My irreverent views about the American Communist Party horrified and enraged Grace Lumpkin and Esther Shemitz. One afternoon, my future wife, in a flare-up of her Passaic strike spirit, was belaboring me with my “renegacy” and related charges. I sat studying her. As I watched her climbing around on the barricades, I was given one of those rare, total insights into another soul that, for good or ill, we sometimes know. I felt like a man on a hilltop, who bursts through a screen of obstructing undergrowth, and suddenly sees, spread beyond him, the most tranquil of sunlit countrysides with its pattern of blown, green and ripening fields, its hedgerows and cool trees, its winding roads and falling brooks. I thought: “This is no revolutionist at all. This is the most gentle and tender spirit, a child except for its courage and firmness and its capacity for love, should someone understand and awaken that love.” I said: “Why don’t you stop drawing those mob scenes and clenched fists and paint the landscapes you were meant to paint?”
Few courtships can have been much stormier than ours. For the Communist Party, too, soon actively interfered. I called one evening to find Esther Shemitz very silent, grave and evidently distressed.
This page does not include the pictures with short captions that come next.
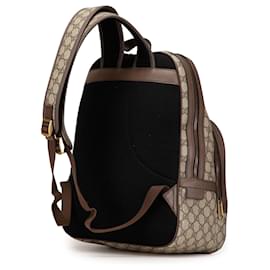 Gucci-Gucci Brown Medium GG Supreme Ophidia Backpack-Brown,Beige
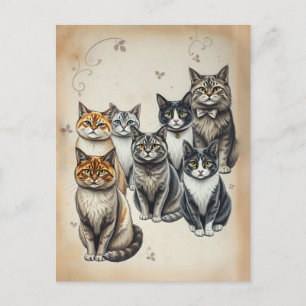 Carte Postale Portrait de famille de chats d'inspiration vintage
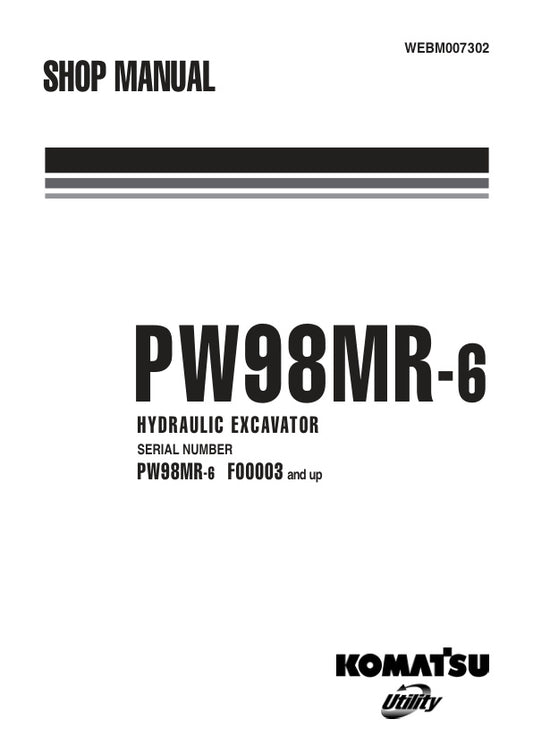 Unlock the full potential of your KOMATSU PW98MR-6 excavator with the comprehensive Hydraulic Excavator Service Manual (WEBM007302). This PDF file is an essential resource for operators and technicians, providing detailed insights into maintenance, troubleshooting, and repair procedures. With clear diagrams and step-by-step instructions, you can ensure optimal performance and longevity of your equipment. Invest in this manual today to enhance your operational efficiency and reduce downtime.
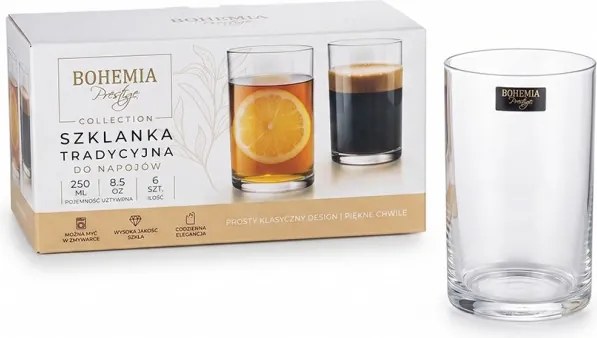 BOHEMIA PRESTIGE TRADITIONAL GLASSES POHÁR NA VODU 250ML SADA 6KS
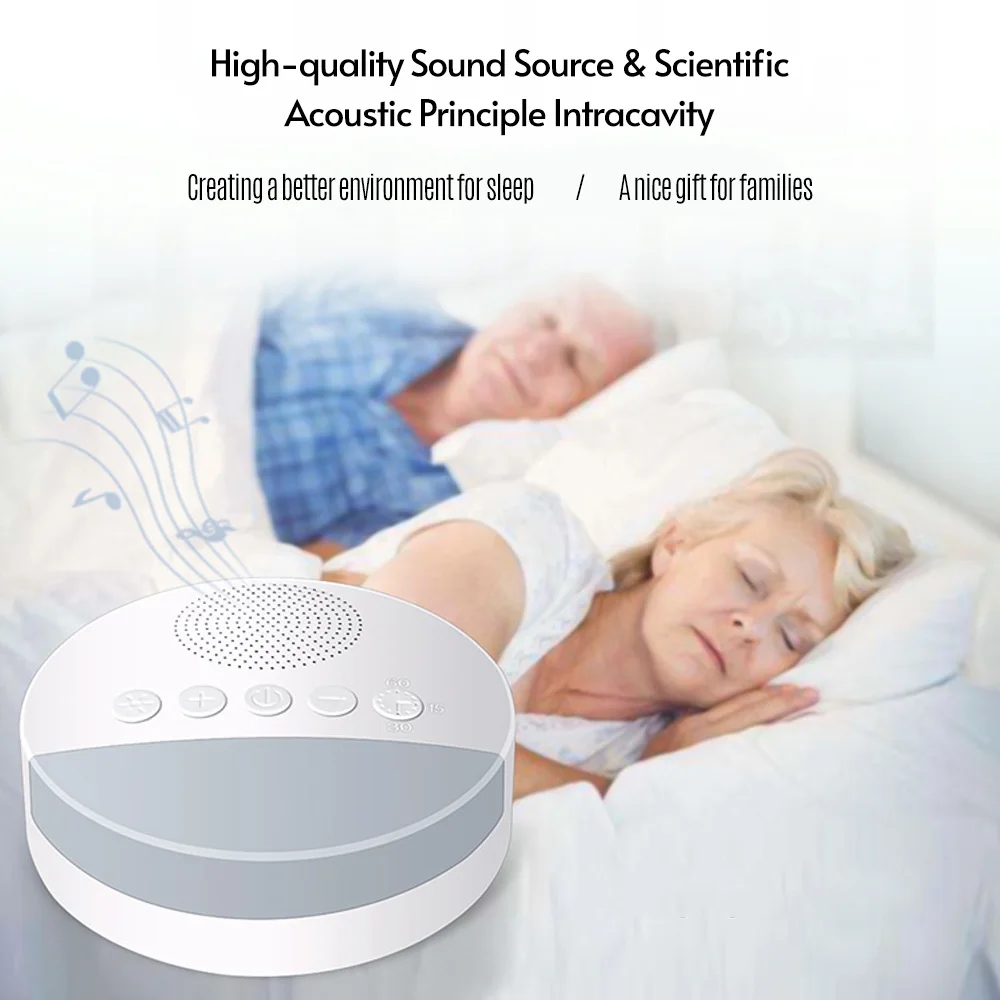 Baby White Noise Machine USB Rechargeable Timed Shutdown Sleep Machine Baby Sleep Sound Player Night Light Timer Noise Player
Presently, she blurted through her tears that Comrade Hutchins had paid her an official visit and brought the party’s awful command that she was never again to see the “anti-party element, Chambers.” I was never quite sure how official Miss Hutchins’ mission was, and how much was self-imposed. For I sensed, behind the political ban another force, serpentine and cold, that deeply hated life. Nevertheless, the command was repeated over the months.
One evening, I arrived at Esther Shemitz’s for supper—a very special occasion in that house of bare cupboards. I knocked. No one answered. I was certain that my future wife was inside. I beat on the door with my fist. At last a small voice said through its tears: “Go away. The party says I cannot see you. We can never meet again.”
I went away, very angry. I cooled off by walking around the city streets for hours. Then I climbed up to Jacob Burck’s big studio and went to bed. I could not sleep. Between four or five o’clock in the morning, I dressed. I walked back across town through the absolutely empty streets of the sleeping city.
Again, I knocked on the door of the little house. There was no answer. The door stood at the head of a flight of stairs a story above a flagged court. Just beyond the landing stage was a window. It was open a little way because it was supposed that nobody could reach the window from the landing. Ordinarily, no one could. But I am not the first man who, in my mood, has done what he did not know he could do. I looked down at the flagstones ( even small heights usually make me dizzy). I swung from the rail of the landing, reached the window ledge, pushed up the window and climbed in.
Sitting beside my astonished girl’s bedside in the dawning light, I explained to her that she must make a choice, and that that choice was not between the Communist Party and renegacy, or between any political viewpoint and any other, but between life and death. I do not think that the declaration impressed her at all, or that she was much interested in what I was saying. Like so many women, she has a strong, simple, practical sense, and I think that she had begun to realize that if a man was intent enough on marrying her to climb through her window at five o’clock in the morning, even putting a bolt on it was probably not much use.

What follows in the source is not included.